* _PROBLEM STATEMENT_
Emit an exact copy of the lines running from the start of the records to the line containing "More Photos Of", both included.

(DATA TO USE)

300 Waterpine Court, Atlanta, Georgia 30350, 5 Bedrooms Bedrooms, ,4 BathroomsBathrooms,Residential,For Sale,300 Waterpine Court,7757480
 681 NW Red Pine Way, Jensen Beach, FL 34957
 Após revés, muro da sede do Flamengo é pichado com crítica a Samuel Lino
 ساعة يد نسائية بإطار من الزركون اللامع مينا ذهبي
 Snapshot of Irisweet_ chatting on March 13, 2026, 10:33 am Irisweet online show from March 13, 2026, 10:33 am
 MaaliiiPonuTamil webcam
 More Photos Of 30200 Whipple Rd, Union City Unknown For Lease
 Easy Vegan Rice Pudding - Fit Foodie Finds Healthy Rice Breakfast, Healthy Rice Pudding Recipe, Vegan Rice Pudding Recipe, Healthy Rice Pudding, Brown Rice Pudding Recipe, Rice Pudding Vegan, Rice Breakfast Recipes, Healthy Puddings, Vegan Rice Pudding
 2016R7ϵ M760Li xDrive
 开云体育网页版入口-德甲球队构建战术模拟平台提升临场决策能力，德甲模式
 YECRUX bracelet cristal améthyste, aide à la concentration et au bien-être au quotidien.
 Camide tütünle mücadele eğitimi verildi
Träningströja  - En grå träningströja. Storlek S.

(End DATA TO USE)

* _SOLUTION TO THIS EXERCISE_
300 Waterpine Court, Atlanta, Georgia 30350, 5 Bedrooms Bedrooms, ,4 BathroomsBathrooms,Residential,For Sale,300 Waterpine Court,7757480
 681 NW Red Pine Way, Jensen Beach, FL 34957
 Após revés, muro da sede do Flamengo é pichado com crítica a Samuel Lino
 ساعة يد نسائية بإطار من الزركون اللامع مينا ذهبي
 Snapshot of Irisweet_ chatting on March 13, 2026, 10:33 am Irisweet online show from March 13, 2026, 10:33 am
 MaaliiiPonuTamil webcam
 More Photos Of 30200 Whipple Rd, Union City Unknown For Lease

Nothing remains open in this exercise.